Ein gutes Produkt, ein starkes Branding und ein breites Anwendungsspektrum. Das sind die Erfolgsfaktoren von des Schmiermittelherstellers WD-40. Wenn nichts anderes mehr hilft, greifen Heimwerker oft zu zwei verschiedenen Problemlösern – entweder Panzertape oder WD-40. Ersteres fixiert bewegliche Dinge, letzteres sorgt hingegen für mehr Flexibilität. Das besagt zumindest eine landläufige Heimwerkerweisheit. Dabei benutzen viele das Kriechöl aus den USA mit dem markanten Geruch nicht nur als Rostschutz oder Schmiermittel bei klemmenden Schrauben und Metallverbindungen, sondern auch für viele weitere Anwendungen.
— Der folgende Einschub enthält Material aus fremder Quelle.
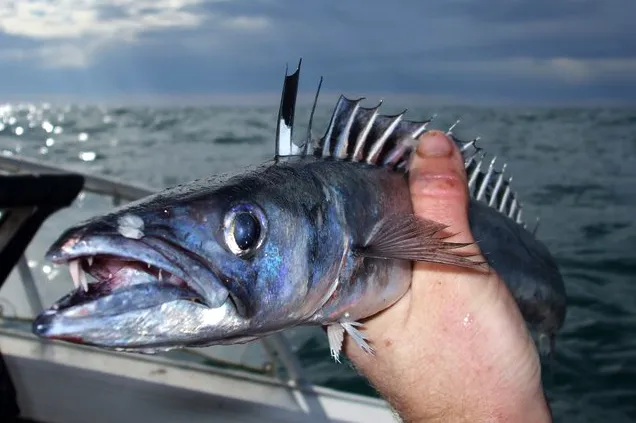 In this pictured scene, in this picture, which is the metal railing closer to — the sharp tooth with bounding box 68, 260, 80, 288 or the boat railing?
the boat railing

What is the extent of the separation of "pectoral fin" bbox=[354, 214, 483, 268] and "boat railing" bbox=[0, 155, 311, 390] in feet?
7.18

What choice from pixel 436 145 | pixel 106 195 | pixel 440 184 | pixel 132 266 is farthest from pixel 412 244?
pixel 106 195

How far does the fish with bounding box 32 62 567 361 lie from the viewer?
5.73 feet

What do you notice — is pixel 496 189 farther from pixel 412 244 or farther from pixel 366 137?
pixel 412 244

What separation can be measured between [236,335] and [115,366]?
286 centimetres

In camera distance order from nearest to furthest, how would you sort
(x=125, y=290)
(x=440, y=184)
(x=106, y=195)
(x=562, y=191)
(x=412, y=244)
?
(x=125, y=290)
(x=412, y=244)
(x=440, y=184)
(x=106, y=195)
(x=562, y=191)

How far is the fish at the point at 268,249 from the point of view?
175 cm

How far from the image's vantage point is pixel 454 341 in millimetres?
2580

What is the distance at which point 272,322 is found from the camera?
2072mm

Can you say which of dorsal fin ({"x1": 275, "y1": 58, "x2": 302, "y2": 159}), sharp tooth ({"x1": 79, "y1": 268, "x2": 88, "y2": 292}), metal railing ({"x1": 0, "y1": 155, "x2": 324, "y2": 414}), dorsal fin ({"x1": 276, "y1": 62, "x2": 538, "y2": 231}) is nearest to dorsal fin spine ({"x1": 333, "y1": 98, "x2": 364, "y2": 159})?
dorsal fin ({"x1": 276, "y1": 62, "x2": 538, "y2": 231})

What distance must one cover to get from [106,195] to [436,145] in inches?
114

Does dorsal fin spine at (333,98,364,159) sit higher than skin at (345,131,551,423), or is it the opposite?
dorsal fin spine at (333,98,364,159)

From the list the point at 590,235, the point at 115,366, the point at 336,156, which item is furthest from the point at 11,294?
the point at 590,235

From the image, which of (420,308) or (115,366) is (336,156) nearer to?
(420,308) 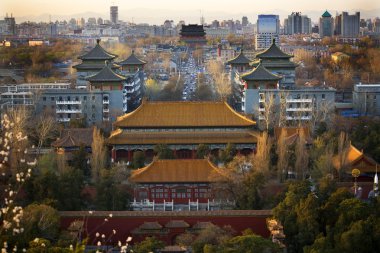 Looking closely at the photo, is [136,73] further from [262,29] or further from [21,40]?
[262,29]

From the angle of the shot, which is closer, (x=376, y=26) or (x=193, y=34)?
(x=193, y=34)

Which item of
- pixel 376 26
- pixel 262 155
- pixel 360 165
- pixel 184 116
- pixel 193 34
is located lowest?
pixel 360 165

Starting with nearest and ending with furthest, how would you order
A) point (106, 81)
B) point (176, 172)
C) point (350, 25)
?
point (176, 172) → point (106, 81) → point (350, 25)

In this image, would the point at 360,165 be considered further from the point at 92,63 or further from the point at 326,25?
the point at 326,25

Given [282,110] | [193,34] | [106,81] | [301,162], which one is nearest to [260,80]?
[282,110]

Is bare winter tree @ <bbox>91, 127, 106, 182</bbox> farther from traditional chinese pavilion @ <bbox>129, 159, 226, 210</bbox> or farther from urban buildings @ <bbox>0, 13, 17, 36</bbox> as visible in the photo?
urban buildings @ <bbox>0, 13, 17, 36</bbox>

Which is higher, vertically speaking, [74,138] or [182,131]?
[182,131]

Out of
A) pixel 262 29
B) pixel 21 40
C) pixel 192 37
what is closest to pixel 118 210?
pixel 21 40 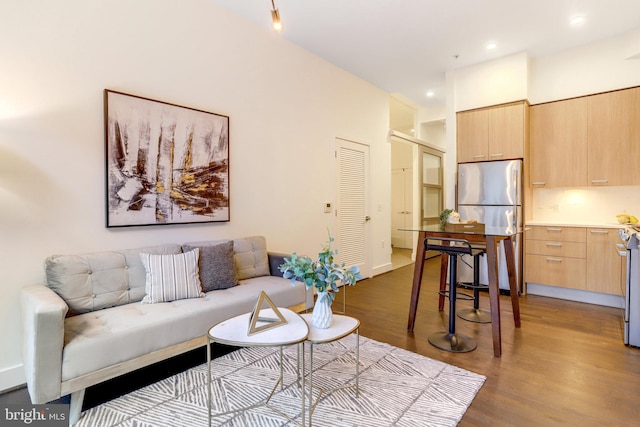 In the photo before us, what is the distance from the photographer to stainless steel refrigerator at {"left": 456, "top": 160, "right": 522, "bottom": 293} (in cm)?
425

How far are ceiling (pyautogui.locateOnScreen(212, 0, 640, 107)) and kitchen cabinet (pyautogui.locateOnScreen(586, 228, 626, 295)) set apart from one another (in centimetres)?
232

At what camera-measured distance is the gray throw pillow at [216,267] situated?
2730 mm

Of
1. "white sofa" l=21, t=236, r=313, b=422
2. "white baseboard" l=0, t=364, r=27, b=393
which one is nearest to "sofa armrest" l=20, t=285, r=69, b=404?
"white sofa" l=21, t=236, r=313, b=422

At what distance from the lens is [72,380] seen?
5.74ft

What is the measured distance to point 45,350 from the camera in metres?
1.67

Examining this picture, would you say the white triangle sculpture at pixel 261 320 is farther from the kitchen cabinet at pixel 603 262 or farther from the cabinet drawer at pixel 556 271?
the kitchen cabinet at pixel 603 262

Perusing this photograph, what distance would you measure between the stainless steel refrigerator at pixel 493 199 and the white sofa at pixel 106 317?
285 cm

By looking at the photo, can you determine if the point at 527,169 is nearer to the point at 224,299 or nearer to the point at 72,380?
the point at 224,299

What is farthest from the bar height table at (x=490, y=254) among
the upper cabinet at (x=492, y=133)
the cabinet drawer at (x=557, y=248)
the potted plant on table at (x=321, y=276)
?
the upper cabinet at (x=492, y=133)

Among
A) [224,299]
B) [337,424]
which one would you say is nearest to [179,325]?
[224,299]

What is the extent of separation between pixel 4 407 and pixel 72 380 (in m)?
0.60

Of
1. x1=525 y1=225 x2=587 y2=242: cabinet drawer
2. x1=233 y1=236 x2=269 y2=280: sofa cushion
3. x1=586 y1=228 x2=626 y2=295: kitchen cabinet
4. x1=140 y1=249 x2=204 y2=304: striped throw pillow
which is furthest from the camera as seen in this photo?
x1=525 y1=225 x2=587 y2=242: cabinet drawer

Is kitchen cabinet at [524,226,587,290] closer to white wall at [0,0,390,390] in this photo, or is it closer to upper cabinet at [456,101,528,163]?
upper cabinet at [456,101,528,163]

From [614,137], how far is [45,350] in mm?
5636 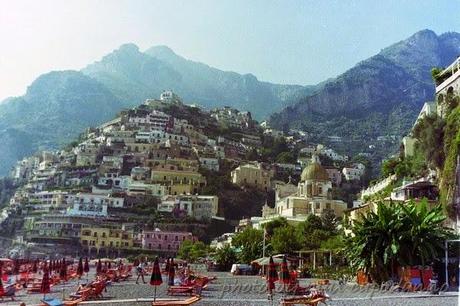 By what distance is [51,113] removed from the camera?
13812 centimetres

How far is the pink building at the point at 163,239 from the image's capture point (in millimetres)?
60719

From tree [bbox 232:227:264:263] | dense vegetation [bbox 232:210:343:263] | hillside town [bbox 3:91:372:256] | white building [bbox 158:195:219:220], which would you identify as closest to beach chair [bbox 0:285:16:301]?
dense vegetation [bbox 232:210:343:263]

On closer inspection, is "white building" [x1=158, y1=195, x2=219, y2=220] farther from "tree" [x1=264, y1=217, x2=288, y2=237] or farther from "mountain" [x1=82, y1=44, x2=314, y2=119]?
"mountain" [x1=82, y1=44, x2=314, y2=119]

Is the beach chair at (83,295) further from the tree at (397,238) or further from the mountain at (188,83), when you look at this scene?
the mountain at (188,83)

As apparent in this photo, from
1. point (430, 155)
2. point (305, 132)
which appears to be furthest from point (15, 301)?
point (305, 132)

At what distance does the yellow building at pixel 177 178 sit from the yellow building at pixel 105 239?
1597 centimetres

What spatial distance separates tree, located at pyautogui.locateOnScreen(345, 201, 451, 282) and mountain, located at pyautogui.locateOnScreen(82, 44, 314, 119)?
484ft

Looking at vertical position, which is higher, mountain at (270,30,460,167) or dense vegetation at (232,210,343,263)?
mountain at (270,30,460,167)

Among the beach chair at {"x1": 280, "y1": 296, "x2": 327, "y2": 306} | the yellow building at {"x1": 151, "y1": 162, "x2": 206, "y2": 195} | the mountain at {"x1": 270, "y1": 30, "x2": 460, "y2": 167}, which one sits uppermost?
the mountain at {"x1": 270, "y1": 30, "x2": 460, "y2": 167}

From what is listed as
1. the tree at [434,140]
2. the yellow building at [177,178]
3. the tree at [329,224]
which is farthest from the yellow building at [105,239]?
the tree at [434,140]

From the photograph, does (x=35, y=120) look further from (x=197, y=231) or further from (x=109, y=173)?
(x=197, y=231)

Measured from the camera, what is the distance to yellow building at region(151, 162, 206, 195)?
77562 mm

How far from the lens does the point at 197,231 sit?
6600 cm

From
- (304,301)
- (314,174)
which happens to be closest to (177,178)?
(314,174) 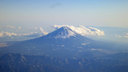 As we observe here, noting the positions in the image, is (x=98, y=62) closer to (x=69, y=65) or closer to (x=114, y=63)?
(x=114, y=63)

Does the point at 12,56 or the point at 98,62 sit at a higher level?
the point at 12,56

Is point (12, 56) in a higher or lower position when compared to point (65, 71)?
higher

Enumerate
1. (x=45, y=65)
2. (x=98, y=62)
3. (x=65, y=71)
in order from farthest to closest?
1. (x=98, y=62)
2. (x=45, y=65)
3. (x=65, y=71)

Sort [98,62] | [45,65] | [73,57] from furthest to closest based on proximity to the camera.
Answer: [73,57] < [98,62] < [45,65]

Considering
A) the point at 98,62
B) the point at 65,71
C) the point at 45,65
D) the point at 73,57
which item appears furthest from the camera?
the point at 73,57

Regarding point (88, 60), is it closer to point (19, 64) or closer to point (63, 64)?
point (63, 64)

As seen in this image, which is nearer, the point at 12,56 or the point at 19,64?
the point at 19,64

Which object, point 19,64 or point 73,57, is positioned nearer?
point 19,64

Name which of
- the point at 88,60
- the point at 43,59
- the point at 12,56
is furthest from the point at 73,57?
the point at 12,56

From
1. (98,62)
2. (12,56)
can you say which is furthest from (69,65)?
(12,56) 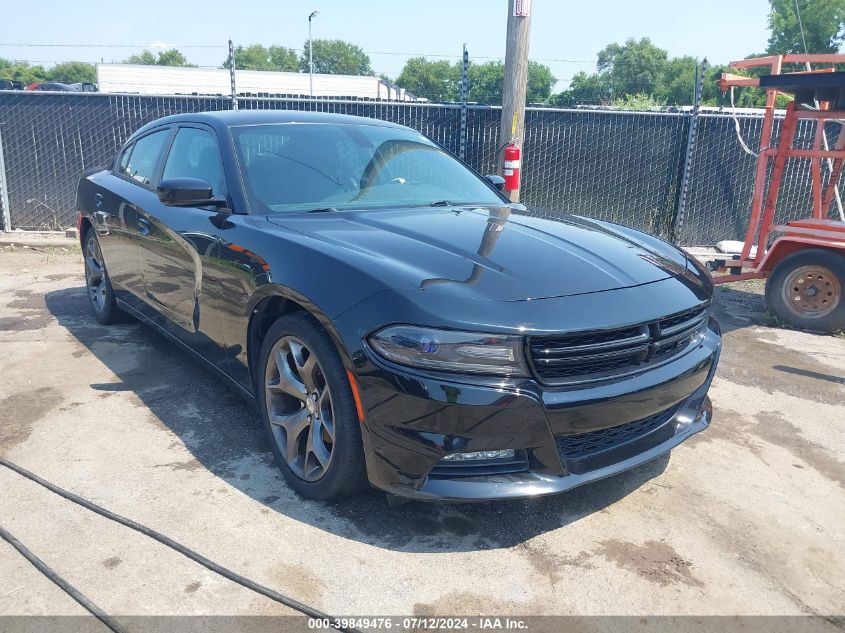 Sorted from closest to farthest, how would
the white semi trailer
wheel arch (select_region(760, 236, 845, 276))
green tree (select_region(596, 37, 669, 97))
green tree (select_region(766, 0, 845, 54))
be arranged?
wheel arch (select_region(760, 236, 845, 276)) → the white semi trailer → green tree (select_region(766, 0, 845, 54)) → green tree (select_region(596, 37, 669, 97))

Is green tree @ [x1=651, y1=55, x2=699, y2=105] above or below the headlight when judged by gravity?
above

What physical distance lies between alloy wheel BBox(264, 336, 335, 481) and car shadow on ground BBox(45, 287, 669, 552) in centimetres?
18

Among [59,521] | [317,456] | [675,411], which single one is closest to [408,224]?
[317,456]

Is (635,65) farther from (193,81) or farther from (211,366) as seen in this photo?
(211,366)

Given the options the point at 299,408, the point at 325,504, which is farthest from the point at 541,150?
the point at 325,504

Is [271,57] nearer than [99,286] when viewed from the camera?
No

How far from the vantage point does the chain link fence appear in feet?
30.4

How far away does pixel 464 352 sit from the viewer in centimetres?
232

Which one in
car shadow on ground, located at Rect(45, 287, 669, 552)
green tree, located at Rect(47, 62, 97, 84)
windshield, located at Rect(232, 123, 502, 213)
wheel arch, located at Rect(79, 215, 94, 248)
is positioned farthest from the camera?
green tree, located at Rect(47, 62, 97, 84)

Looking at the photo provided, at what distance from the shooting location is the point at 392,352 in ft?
7.76

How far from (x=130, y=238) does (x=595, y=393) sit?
3.33 m

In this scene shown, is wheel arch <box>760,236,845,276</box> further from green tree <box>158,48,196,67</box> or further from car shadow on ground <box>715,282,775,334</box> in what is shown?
green tree <box>158,48,196,67</box>

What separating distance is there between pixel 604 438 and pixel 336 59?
354 ft

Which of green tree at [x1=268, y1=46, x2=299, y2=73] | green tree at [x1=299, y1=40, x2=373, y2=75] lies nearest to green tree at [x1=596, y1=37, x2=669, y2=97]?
green tree at [x1=299, y1=40, x2=373, y2=75] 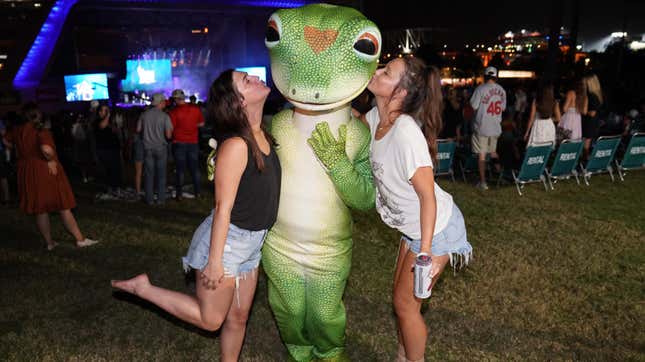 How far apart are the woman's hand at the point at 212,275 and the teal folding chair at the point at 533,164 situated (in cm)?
626

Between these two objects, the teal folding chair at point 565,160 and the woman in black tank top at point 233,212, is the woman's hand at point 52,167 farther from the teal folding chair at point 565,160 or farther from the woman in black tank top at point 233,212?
the teal folding chair at point 565,160

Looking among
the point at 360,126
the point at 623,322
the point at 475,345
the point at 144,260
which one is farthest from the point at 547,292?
the point at 144,260

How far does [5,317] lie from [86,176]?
6008 millimetres

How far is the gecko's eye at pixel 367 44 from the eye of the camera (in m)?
2.75

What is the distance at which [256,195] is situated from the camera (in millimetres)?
2766

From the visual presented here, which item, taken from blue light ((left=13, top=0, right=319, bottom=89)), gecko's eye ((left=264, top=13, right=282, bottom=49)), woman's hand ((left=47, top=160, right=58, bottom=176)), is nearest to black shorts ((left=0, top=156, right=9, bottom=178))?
woman's hand ((left=47, top=160, right=58, bottom=176))

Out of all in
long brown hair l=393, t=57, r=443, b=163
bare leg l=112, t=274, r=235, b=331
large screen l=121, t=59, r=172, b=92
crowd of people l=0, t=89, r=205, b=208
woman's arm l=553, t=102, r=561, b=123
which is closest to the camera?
bare leg l=112, t=274, r=235, b=331

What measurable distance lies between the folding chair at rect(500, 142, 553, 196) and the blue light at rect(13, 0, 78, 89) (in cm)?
1795

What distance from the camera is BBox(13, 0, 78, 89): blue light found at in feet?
63.9

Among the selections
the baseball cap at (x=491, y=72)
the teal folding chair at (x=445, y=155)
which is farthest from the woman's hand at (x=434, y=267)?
the baseball cap at (x=491, y=72)

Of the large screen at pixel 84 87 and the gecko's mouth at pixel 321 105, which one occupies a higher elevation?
the gecko's mouth at pixel 321 105

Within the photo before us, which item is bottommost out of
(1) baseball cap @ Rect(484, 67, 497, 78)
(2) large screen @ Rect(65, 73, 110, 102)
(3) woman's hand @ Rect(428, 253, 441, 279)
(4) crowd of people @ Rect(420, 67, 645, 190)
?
(2) large screen @ Rect(65, 73, 110, 102)

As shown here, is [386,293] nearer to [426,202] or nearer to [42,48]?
[426,202]

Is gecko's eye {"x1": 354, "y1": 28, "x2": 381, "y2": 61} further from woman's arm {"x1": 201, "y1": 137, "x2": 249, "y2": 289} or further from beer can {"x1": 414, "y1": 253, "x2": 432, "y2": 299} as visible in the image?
beer can {"x1": 414, "y1": 253, "x2": 432, "y2": 299} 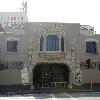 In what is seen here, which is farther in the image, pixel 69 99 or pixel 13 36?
pixel 13 36

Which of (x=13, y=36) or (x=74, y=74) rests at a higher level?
(x=13, y=36)

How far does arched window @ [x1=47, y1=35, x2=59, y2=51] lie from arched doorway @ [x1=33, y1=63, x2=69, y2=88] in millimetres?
3652

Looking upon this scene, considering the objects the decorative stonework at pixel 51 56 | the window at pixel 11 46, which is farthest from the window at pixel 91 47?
the window at pixel 11 46

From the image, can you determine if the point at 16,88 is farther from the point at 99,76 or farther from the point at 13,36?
the point at 99,76

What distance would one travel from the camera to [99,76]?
47.2 meters

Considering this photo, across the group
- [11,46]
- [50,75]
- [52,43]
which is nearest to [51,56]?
[52,43]

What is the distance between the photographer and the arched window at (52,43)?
154 feet

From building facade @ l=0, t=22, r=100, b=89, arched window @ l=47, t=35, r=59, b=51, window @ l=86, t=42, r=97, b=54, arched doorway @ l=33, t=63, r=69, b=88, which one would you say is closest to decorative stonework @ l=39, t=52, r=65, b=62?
building facade @ l=0, t=22, r=100, b=89

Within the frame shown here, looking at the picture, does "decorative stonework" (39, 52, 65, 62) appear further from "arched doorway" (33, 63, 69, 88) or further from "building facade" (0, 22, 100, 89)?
"arched doorway" (33, 63, 69, 88)

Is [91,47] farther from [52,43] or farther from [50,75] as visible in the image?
[50,75]

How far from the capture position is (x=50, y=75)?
166 ft

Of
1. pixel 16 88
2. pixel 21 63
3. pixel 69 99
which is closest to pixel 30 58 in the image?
pixel 21 63

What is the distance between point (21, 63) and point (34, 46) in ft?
9.97

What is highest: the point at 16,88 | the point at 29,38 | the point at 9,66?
the point at 29,38
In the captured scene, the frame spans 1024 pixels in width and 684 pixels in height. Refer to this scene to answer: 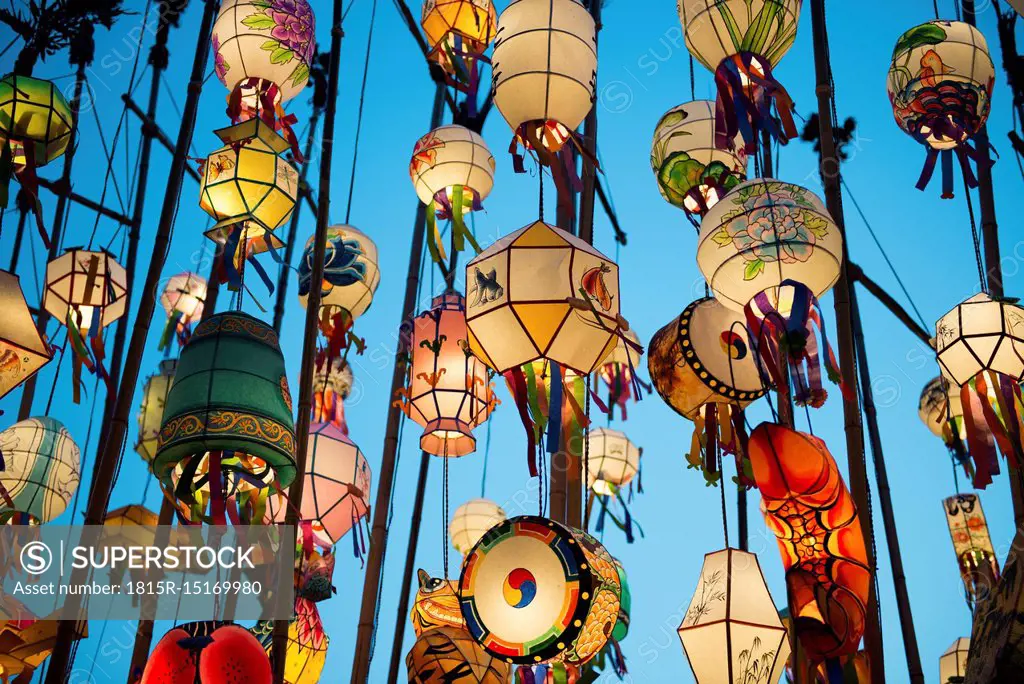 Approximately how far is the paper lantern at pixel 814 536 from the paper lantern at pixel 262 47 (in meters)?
2.11

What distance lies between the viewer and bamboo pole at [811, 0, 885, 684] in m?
2.46

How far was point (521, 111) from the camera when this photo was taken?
9.11ft

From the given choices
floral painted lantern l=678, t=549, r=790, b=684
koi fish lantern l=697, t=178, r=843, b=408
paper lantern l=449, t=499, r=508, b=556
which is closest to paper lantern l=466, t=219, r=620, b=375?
koi fish lantern l=697, t=178, r=843, b=408

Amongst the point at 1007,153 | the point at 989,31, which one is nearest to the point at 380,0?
the point at 1007,153

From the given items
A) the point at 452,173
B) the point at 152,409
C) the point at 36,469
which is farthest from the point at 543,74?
the point at 152,409

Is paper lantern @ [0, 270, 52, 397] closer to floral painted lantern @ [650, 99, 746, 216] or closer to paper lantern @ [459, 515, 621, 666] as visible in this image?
paper lantern @ [459, 515, 621, 666]

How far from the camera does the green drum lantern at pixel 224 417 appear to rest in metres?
2.40

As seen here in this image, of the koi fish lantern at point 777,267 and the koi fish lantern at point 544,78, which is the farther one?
the koi fish lantern at point 544,78

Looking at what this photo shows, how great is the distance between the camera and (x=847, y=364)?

Lag seit Jahren das Umsatzvolumen des Herstellers WD-40 in einer engen Bandbreite, so verzeichnet der US-Konzern durch die Corona-Pandemie eine Art Sonderkonjunktur. Die gerade präsentierten Geschäftszahlen lagen deutlich über den Erwartungen und haben der Aktie spürbaren Rückenwind verliehen.

WD-40 – vom Nischenprodukt zum Alleskönner

Auch wenn das Schmiermittel wahrscheinlich den meisten von Ihnen ein Begriff ist, die Geschichte des Produkts dürfte nicht jedem Anleger bekannt sein. WD-40 wurde bereits im Jahr 1953 vom Ingenieur, Erfinder und Unternehmer Iver Norman Lawson als Mittel für Wasserverdrängung und Korrosionsschutz entwickelt. Die US Navy suchte damals einen Wirkstoff, der die großen Probleme der rostenden Schiffsmotoren lösen sollte. Norman Lawson machte sich ans Werk und arbeitete Abends und am Wochenende neben seinem Tagesjob als Chemiker an einer Lösung des Problems. Nach 39 Versuchen, die er genau dokumentierte, fand er schließlich die perfekte Formel, daher der Name: “Water Displacement perfected on the 40th try” – oder auch kurz WD-40.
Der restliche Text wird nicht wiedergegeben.